> [Action item]:
What's wanted here is the full listing below, repeated exactly, with no images in it.

-- Listed records follows --

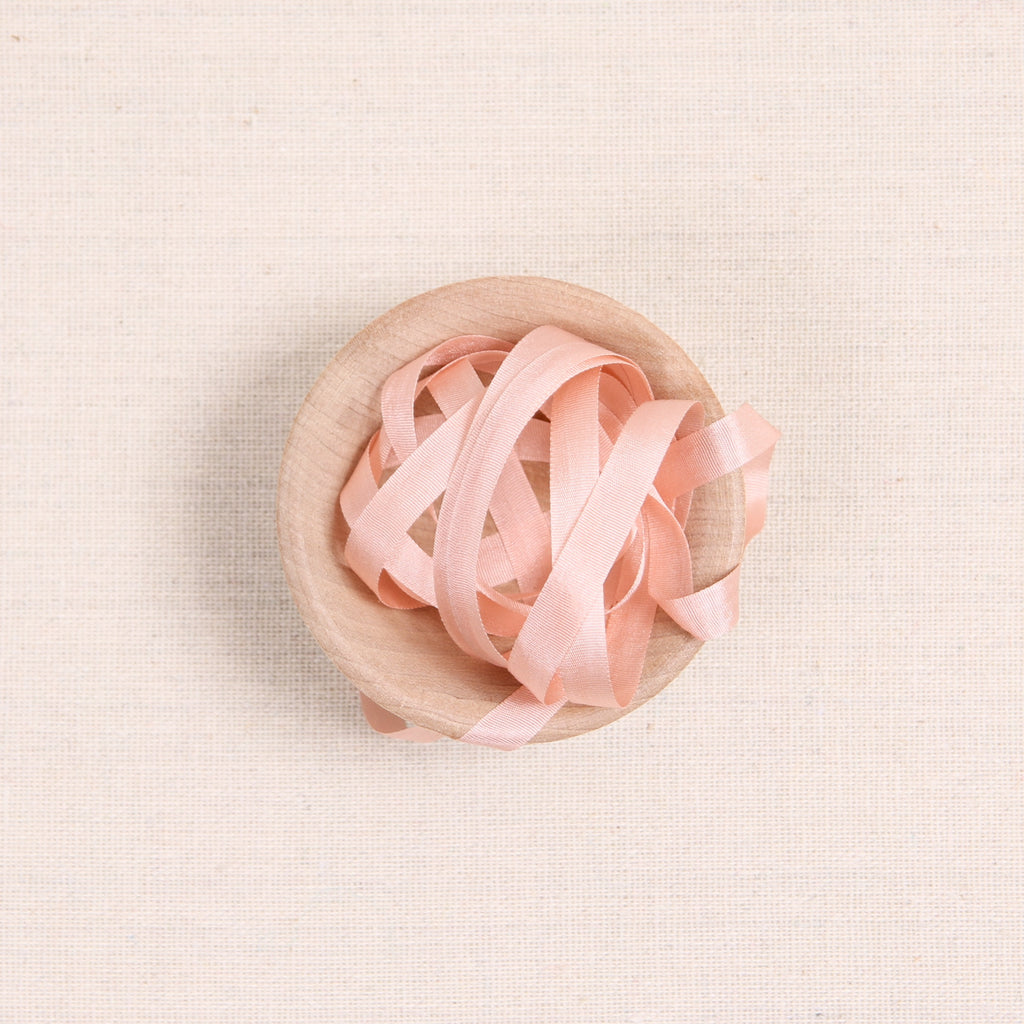 River Silks Silk Ribbon, Plie 50
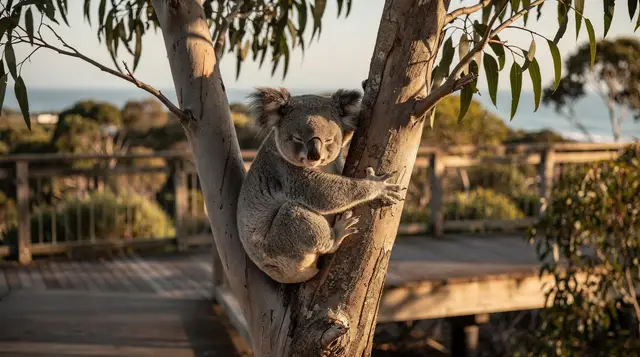 Melbourne: Desfile de pinguinos y visita a los koalas de melbourne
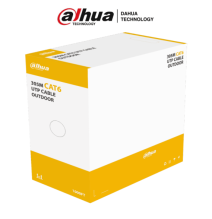 DAHUA DHT2640010 DAHUA PFM920-6U - Bobina de cable UTP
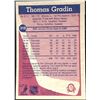 Image 2 : 1984-85 O-PEE-CHEE THOMAS GRADIN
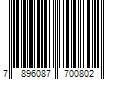 Barcode Image for UPC code 7896087700802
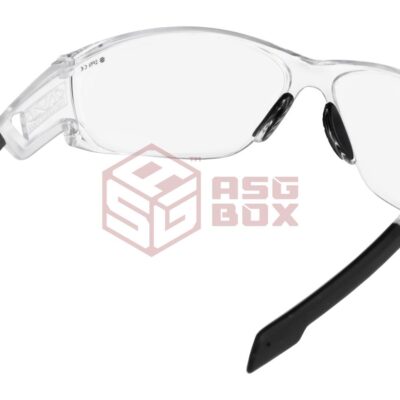 Alternative view of Mechanix Wear Tactical Glasses Type-N Clear Lens Clear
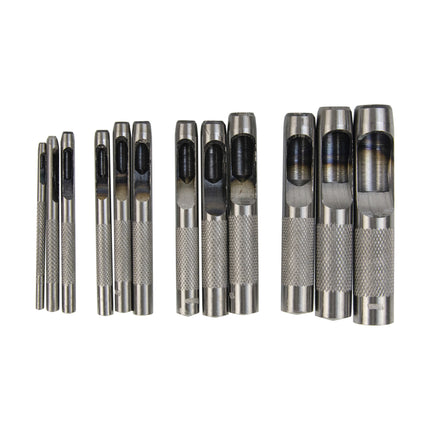 Uitverkopen Hohlrohrsatz 12 Stück 2,5-16mm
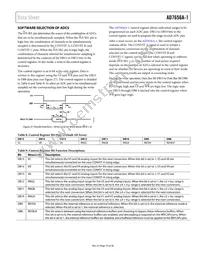 AD7656A-1BSTZ-RL Datasheet Page 19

-- Listed records concluded --

> [Problem solution]:
 River Silks Silk Ribbon, Plie 50
 Melbourne: Desfile de pinguinos y visita a los koalas de melbourne
 DAHUA DHT2640010 DAHUA PFM920-6U - Bobina de cable UTP
 Image 2 : 1984-85 O-PEE-CHEE THOMAS GRADIN
 Barcode Image for UPC code 7896087700802
 Alternative view of Mechanix Wear Tactical Glasses Type-N Clear Lens Clear
 Uitverkopen Hohlrohrsatz 12 Stück 2,5-16mm
 AD7656A-1BSTZ-RL Datasheet Page 19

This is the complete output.